#### [TASK OBJECTIVE]
An exact copy of the listing below is required, minus its pictures.

#### [COLLECTED MATERIAL]
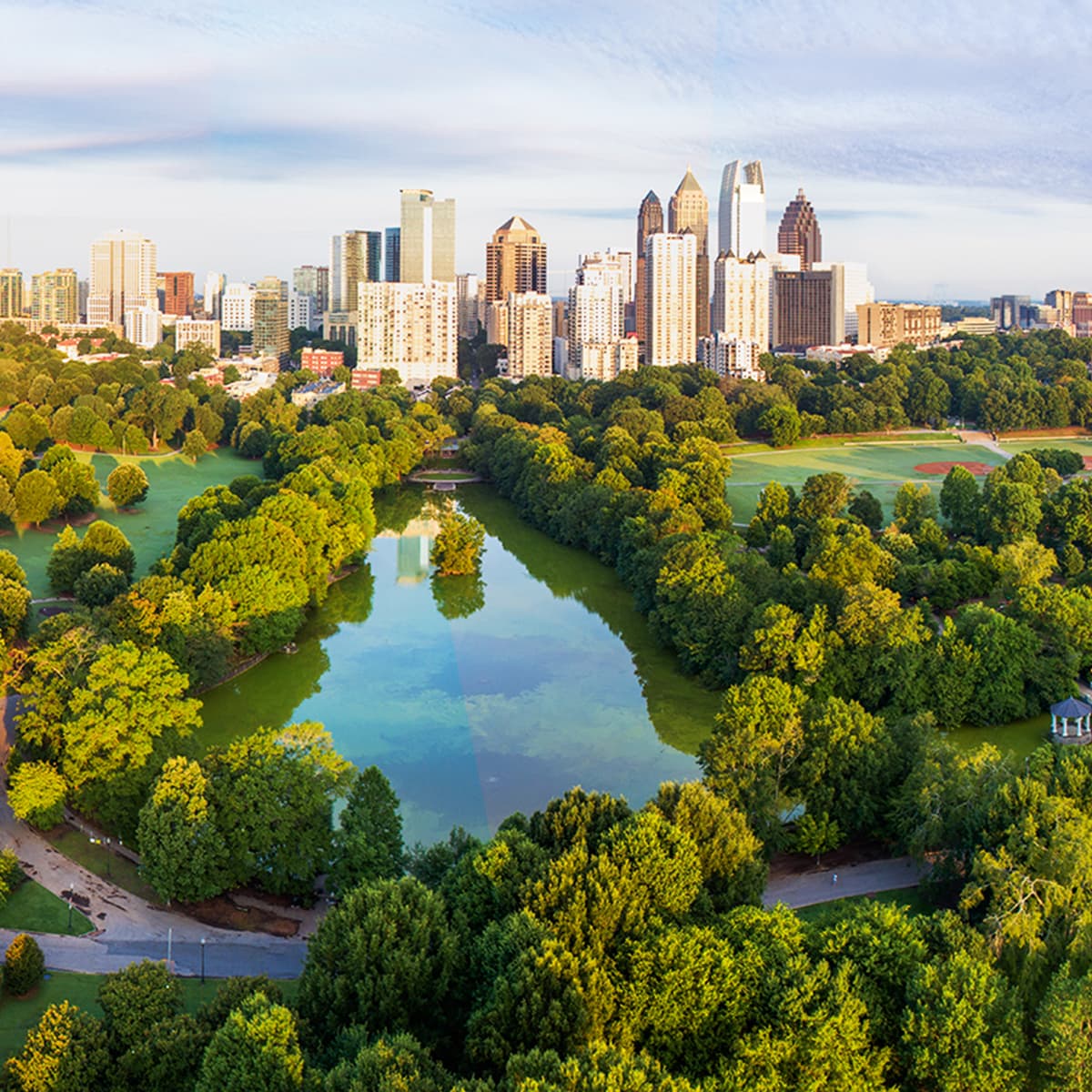 An expansive urban greenspace filled with trees, trails, and parks, with a dense cityscape in the background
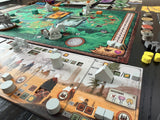 A close-up of a board game setup on a dark tabletop, showing two long game boards with illustrated terrain, white player tokens, stacks of round coins, and yellow dice.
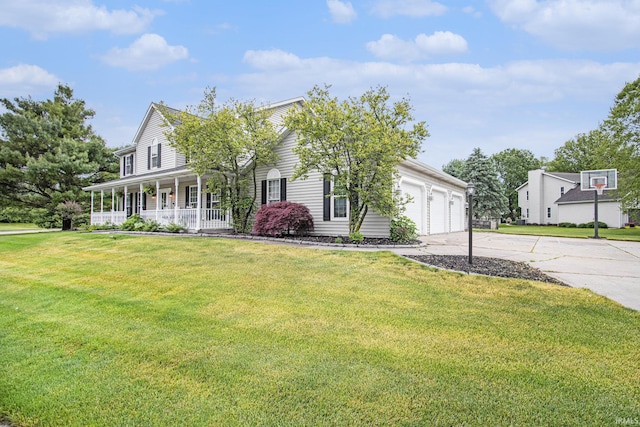 51178 Ashley Dr, Granger, IN 46530 - view of front of property featuring covered porch, concrete driveway, a front lawn, and a garage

#### [ANSWER SPACE]
 An expansive urban greenspace filled with trees, trails, and parks, with a dense cityscape in the background
 A close-up of a board game setup on a dark tabletop, showing two long game boards with illustrated terrain, white player tokens, stacks of round coins, and yellow dice.
 51178 Ashley Dr, Granger, IN 46530 - view of front of property featuring covered porch, concrete driveway, a front lawn, and a garage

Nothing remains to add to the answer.